AUTEUR : MAMADOU BARRY



La semaine dernière, l’opinion a assisté, une nouvelle fois, à un communiqué du CNDD fixant, de la manière la plus arbitraire, le taux de change du Franc Guinéen à 4 800 FG pour un Dollar Américain à l’achat et 5 000 FG à la vente. On se souvient de cette pratique courante avec les précédents gouvernements du Général Conté pour la valeur guinéenne, le sac de riz et pour le kilo de viande.



L’opinion se souvient également que ces tentatives ont toujours échoué et personne ne se demande pourquoi cela ne fonctionne pas. Et les cadres qui sont impliqués dans ces analyses savent que cela ne peut marcher et ne l’expriment pas publiquement.

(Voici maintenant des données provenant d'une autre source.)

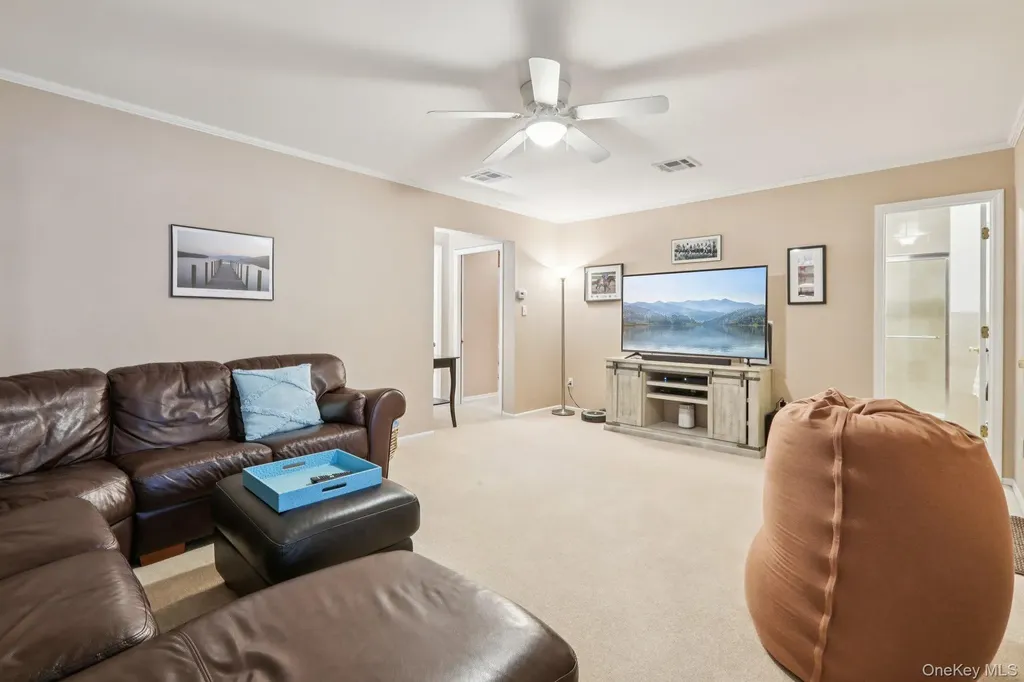4 Austin Way Tappan NY 10983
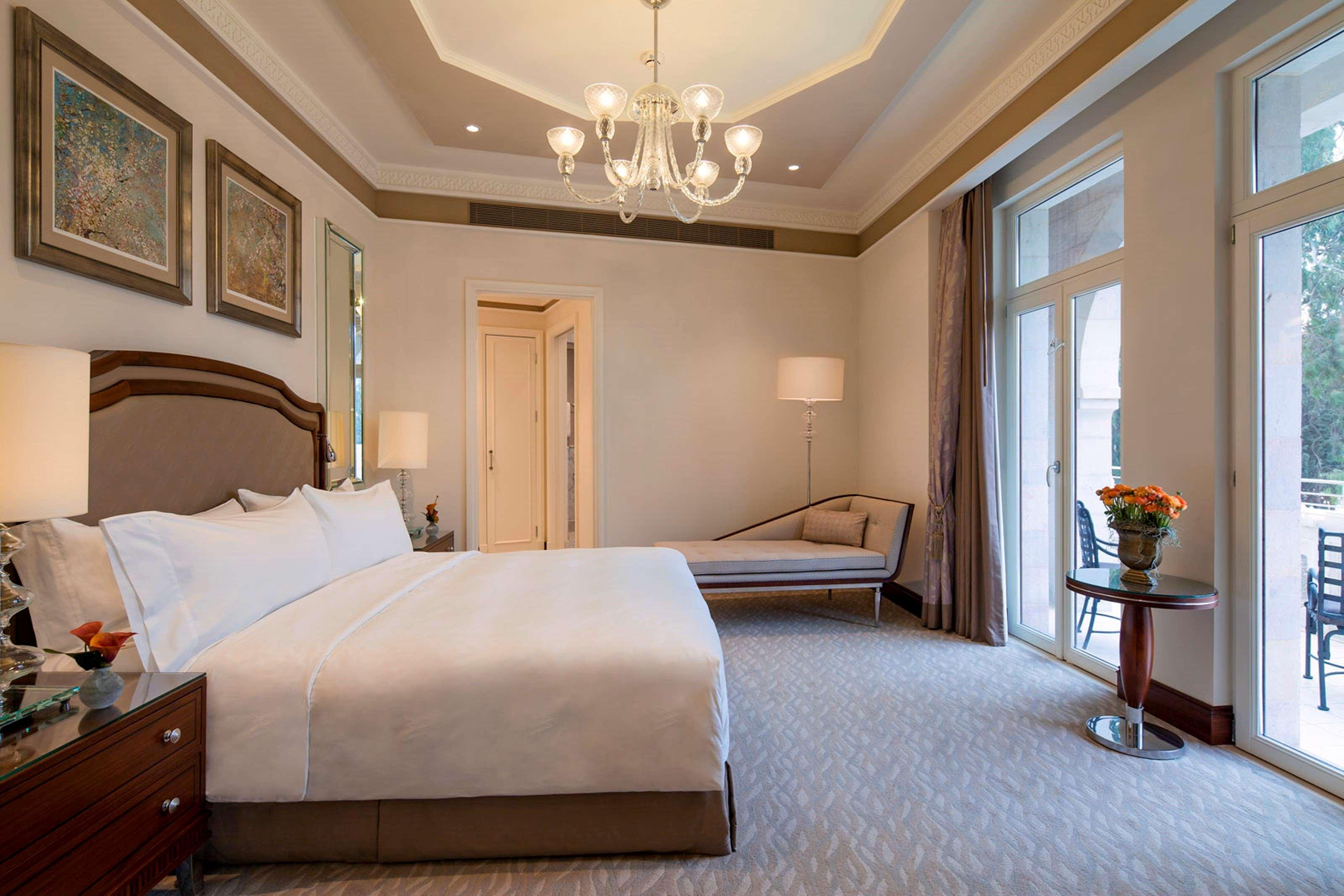 Suite King Bed One Bedroom 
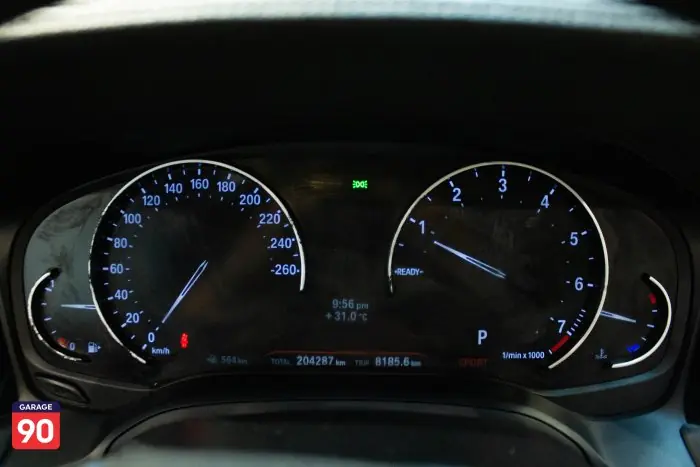 bmw 320i 2020 - صورة 14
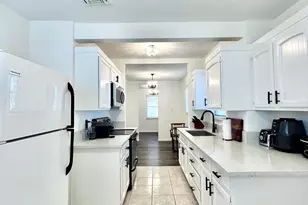 702 Paxton Ave, Miami, AZ 85539 - Photo 4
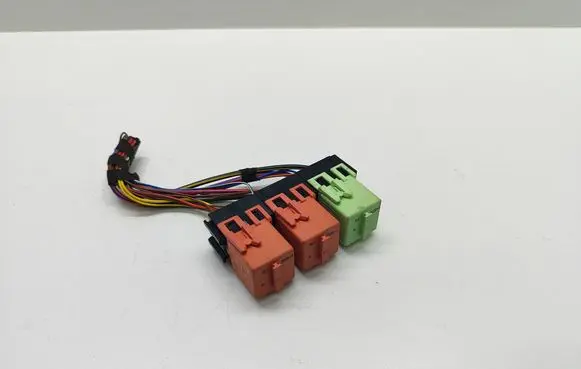 BMW 5 E60 E61 Other relay 8373700 61368373700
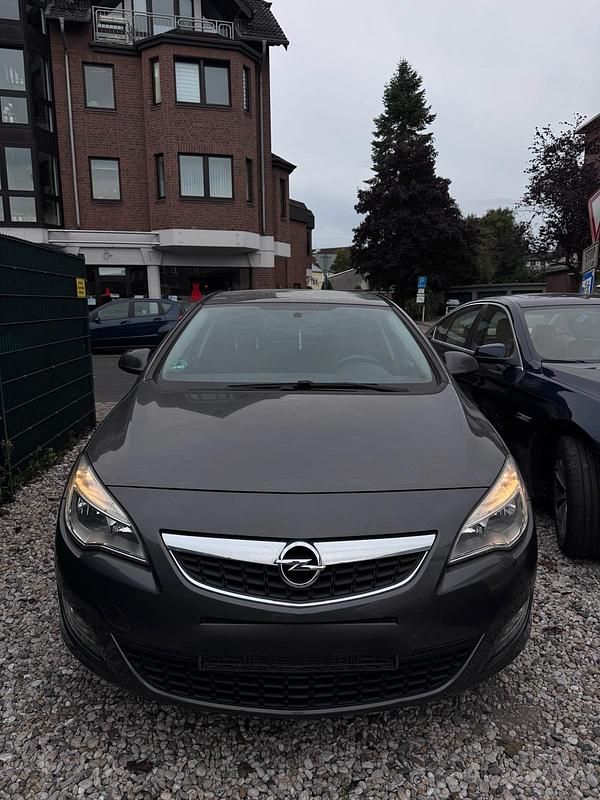 Silber Gebraucht 2010 Opel Astra Kleinwagen | 3.599 € (Guter Preis) - Bild 1/4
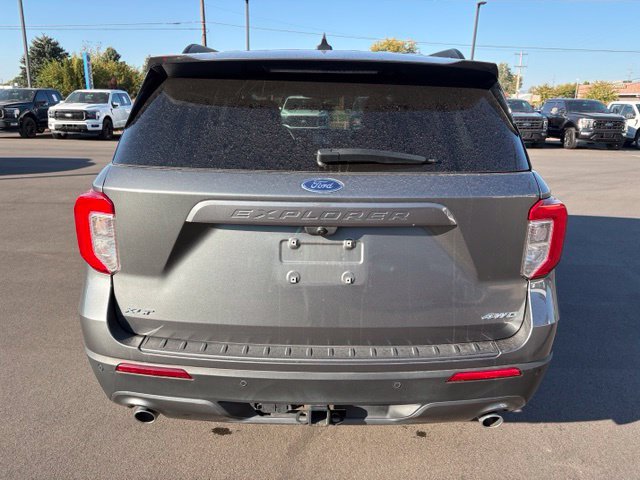 Certified 2023 Ford Explorer XLT w/ Equipment Group 202A AWD/4WD image 6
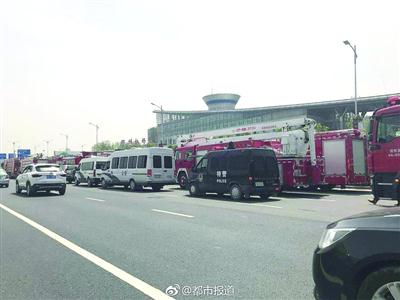 事件发生后，警方赴机场处置。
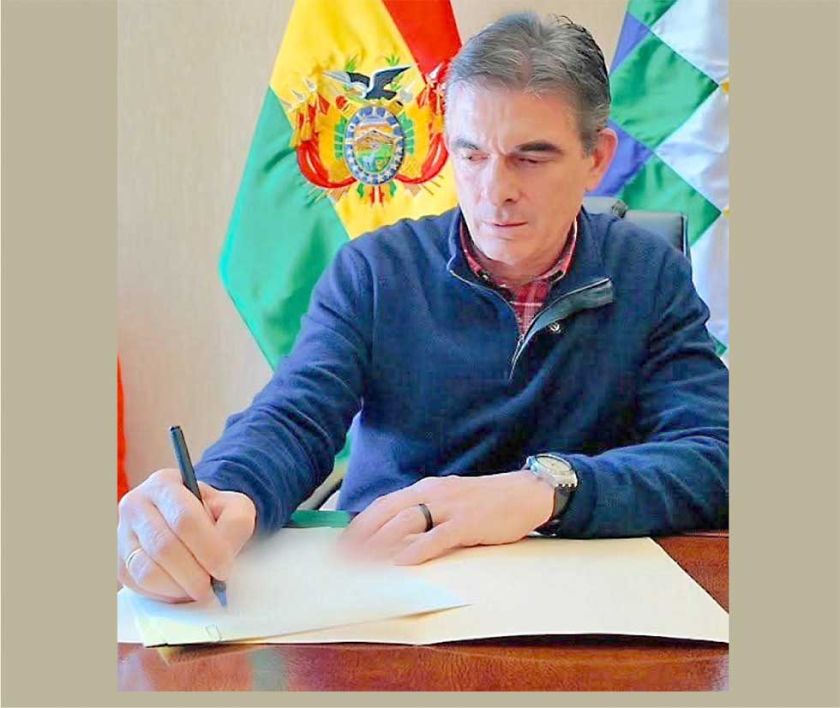 Paz promulga la ley del PGE reformulado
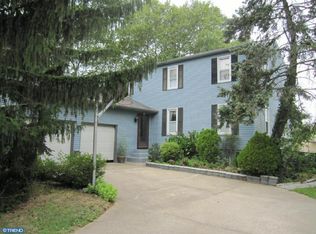 2112 Magnolia Ct, Cinnaminson, NJ 08077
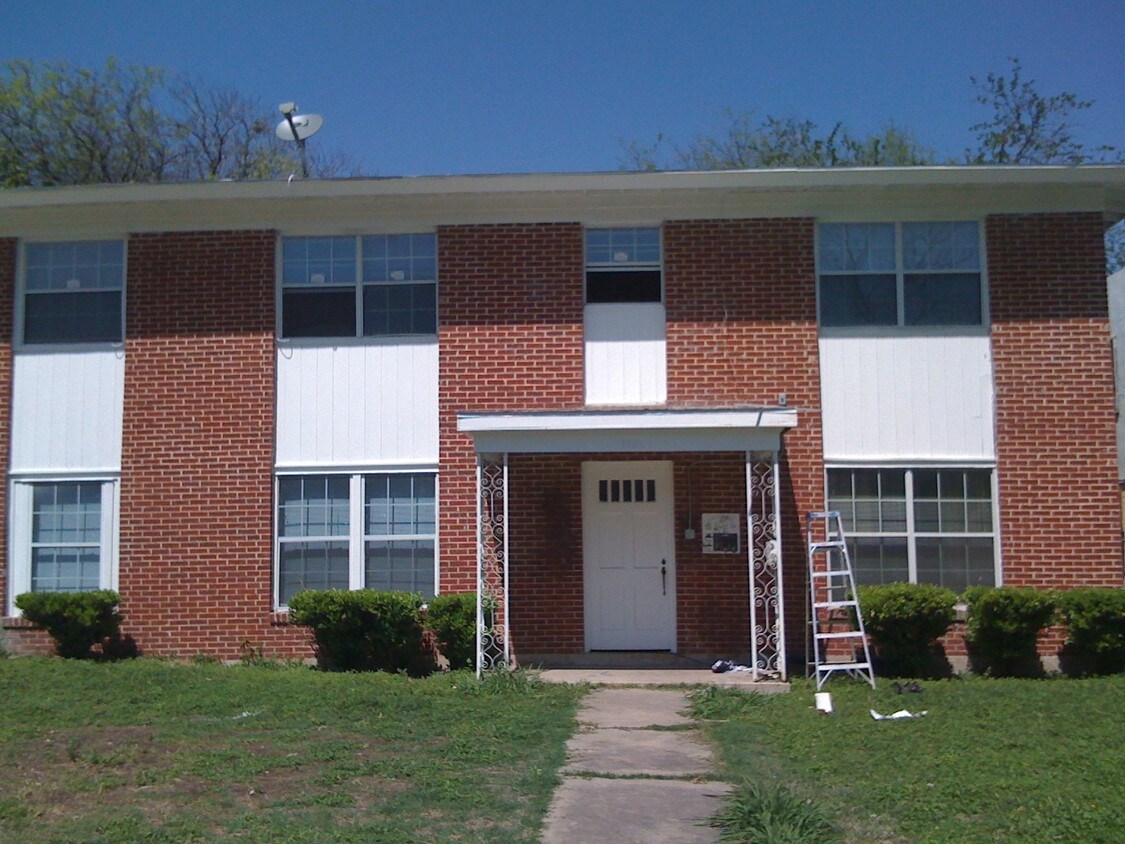 Foto principal - 1511 W Woodlawn Ave
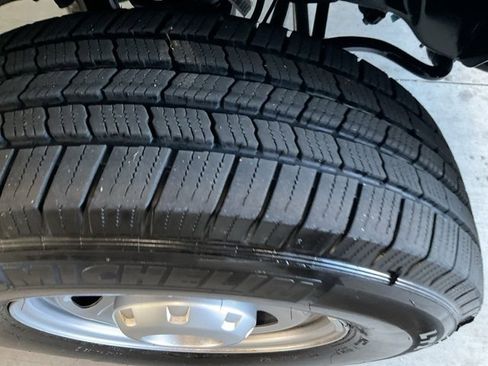 Used 2025 Ford F250 XL w/ XL Driver Assist Package image 29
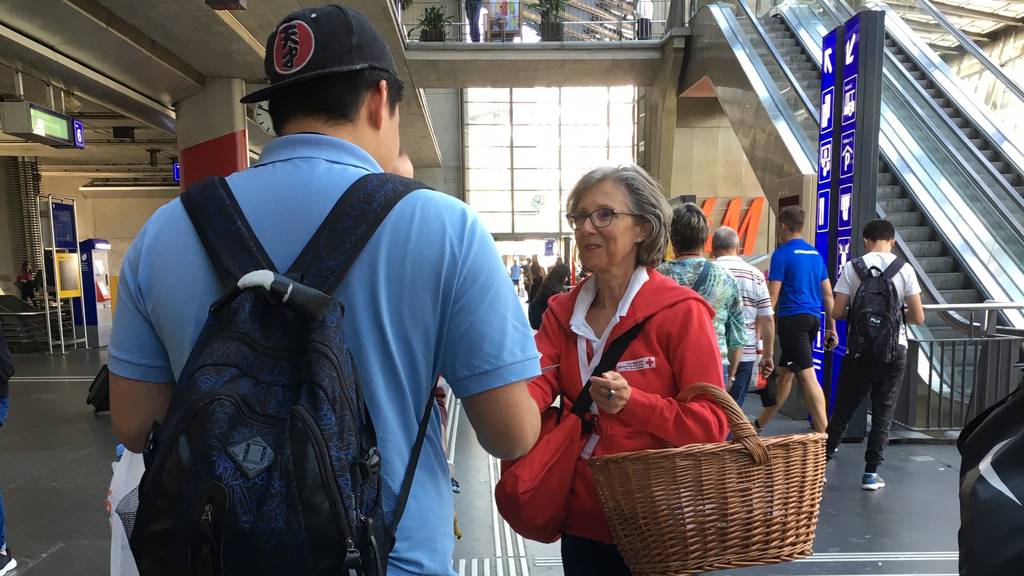 Rotes Kreuz macht am Bahnhof Luzern auf Missstände aufmerksam
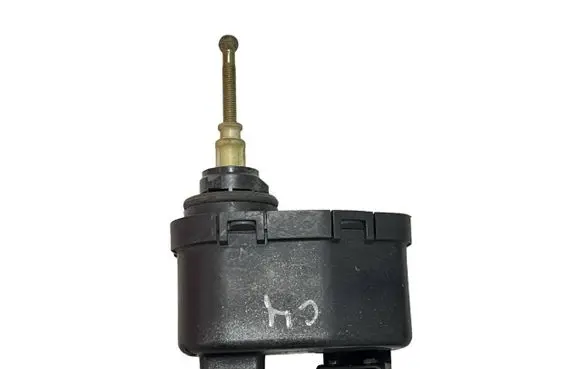 Audi 100 S4 C4 Headlight level adjustment motor 00437545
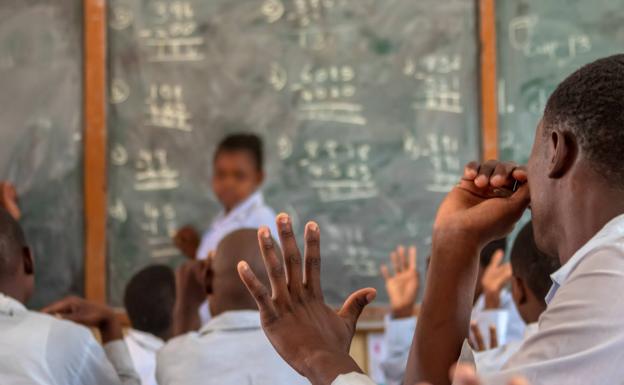 Oporraldian ez dauden herrialdeetako 600 milioi haur baino gehiago daude eskolen itxieraren eraginpean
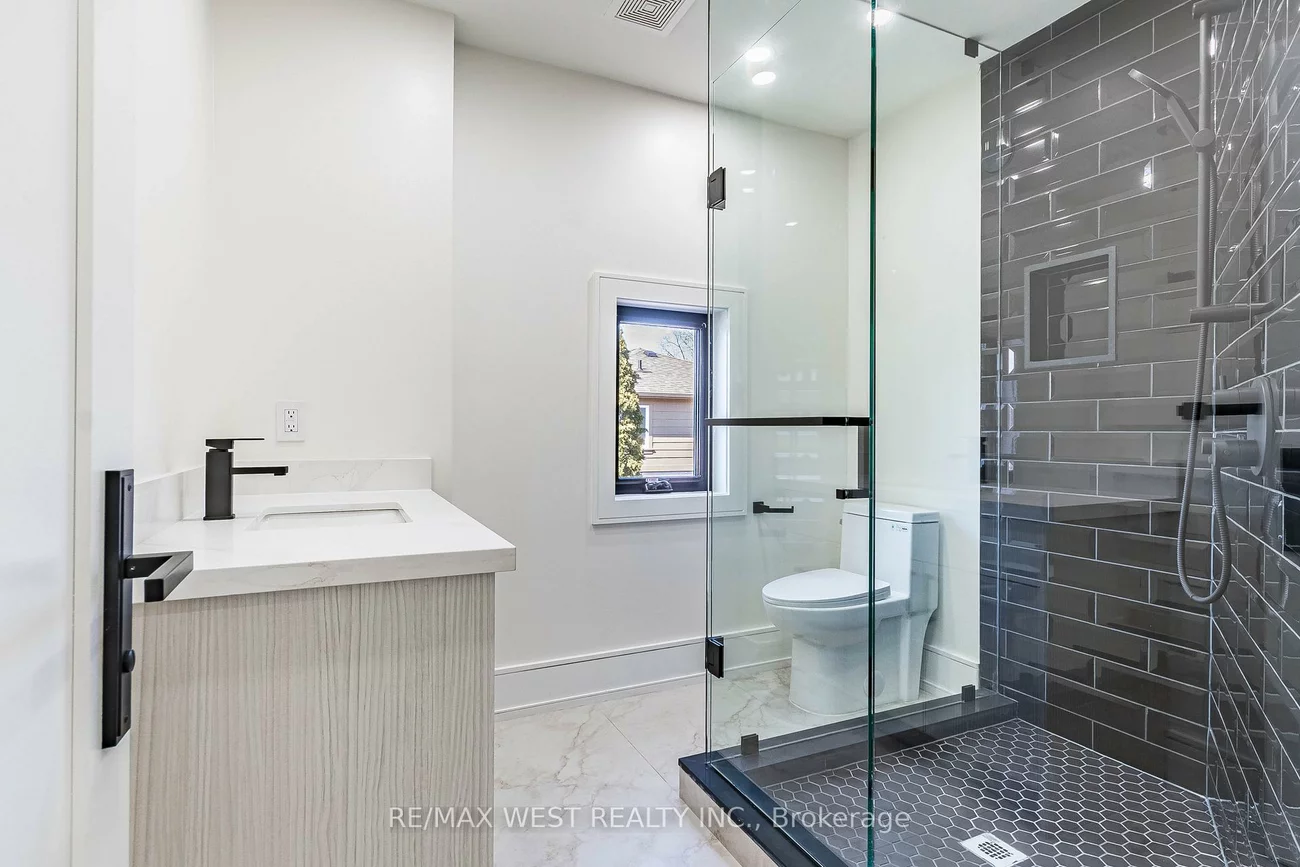 29, Blaketon, Islington-City Centre West, Toronto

Essayons, ensemble de voir un peu ce qui se passe en quelques lignes pour que l’opinion puisse comprendre le principe de base selon lequel le marché ne peut être réglé par les décrets ou la force des armes, mais purement et simplement par la loi de l’Offre et de la Demande ou la loi du Marché.
En situation de concurrence parfaite, le marché est régulé par la loi de l’offre et de la demande. Cela veut dire que lorsqu’un bien est rare parce que tout le monde veut l’avoir, le prix de ce bien augmente. A l’inverse, lorsqu’un bien est abondant sur le marché et que le consommateur a l’embarras du choix, le prix de ce bien diminue.

Dans tous les cas, il est certain que l’Etat n’a de rôle dans ce processus que pour s’assurer du bon fonctionnement de la loi du marché et non de modifier cette règle de quelque manière que ce soit. Il est arbitre.

Maintenant, dans l’un ou l’autre cas, il y aura variation jusqu’à un point d’équilibre que l’on appelle le prix du marché, c'est-à-dire le point où l’offre est égale à la demande.

 Ce principe est de Alfred Marshall (Londres 26 juillet 1842 - Cambridge 13 juillet 1924), économiste britannique, et l'un des pères fondateurs de l'école néoclassique[], qui est l'un des courants de pensée dominant actuellement en économie, et l'un des économistes les plus influents de son temps[].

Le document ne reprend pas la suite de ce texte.